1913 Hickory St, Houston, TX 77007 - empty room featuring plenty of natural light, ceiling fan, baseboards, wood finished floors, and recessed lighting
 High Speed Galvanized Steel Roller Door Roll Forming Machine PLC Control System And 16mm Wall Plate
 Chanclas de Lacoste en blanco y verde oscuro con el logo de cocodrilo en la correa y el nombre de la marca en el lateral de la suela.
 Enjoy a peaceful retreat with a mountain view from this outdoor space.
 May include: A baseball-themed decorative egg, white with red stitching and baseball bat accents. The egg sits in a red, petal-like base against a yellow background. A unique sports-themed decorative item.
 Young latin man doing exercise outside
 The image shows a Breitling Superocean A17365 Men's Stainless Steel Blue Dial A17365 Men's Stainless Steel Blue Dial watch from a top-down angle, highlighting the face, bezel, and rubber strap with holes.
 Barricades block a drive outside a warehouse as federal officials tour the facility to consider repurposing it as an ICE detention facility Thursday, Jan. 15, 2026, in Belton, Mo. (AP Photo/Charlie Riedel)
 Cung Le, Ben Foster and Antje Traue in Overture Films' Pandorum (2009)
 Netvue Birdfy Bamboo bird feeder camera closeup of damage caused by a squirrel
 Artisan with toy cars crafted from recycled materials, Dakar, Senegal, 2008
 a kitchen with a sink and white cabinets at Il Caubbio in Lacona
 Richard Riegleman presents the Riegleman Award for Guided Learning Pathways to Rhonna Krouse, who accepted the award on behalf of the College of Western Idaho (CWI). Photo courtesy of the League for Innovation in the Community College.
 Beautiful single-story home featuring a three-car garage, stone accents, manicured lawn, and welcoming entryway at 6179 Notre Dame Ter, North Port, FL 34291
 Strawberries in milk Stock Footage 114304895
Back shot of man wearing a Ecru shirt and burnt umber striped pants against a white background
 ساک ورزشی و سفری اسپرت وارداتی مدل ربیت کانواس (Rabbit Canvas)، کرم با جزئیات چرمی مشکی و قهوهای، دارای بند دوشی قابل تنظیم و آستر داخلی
________________________________________
Lines before the one containing "Strawberries in milk Stock Footage 114304895" stay out; reproduce that line and all the lines after it, through the end of the listing, exactly.

 Strawberries in milk Stock Footage 114304895
Back shot of man wearing a Ecru shirt and burnt umber striped pants against a white background
 ساک ورزشی و سفری اسپرت وارداتی مدل ربیت کانواس (Rabbit Canvas)، کرم با جزئیات چرمی مشکی و قهوهای، دارای بند دوشی قابل تنظیم و آستر داخلی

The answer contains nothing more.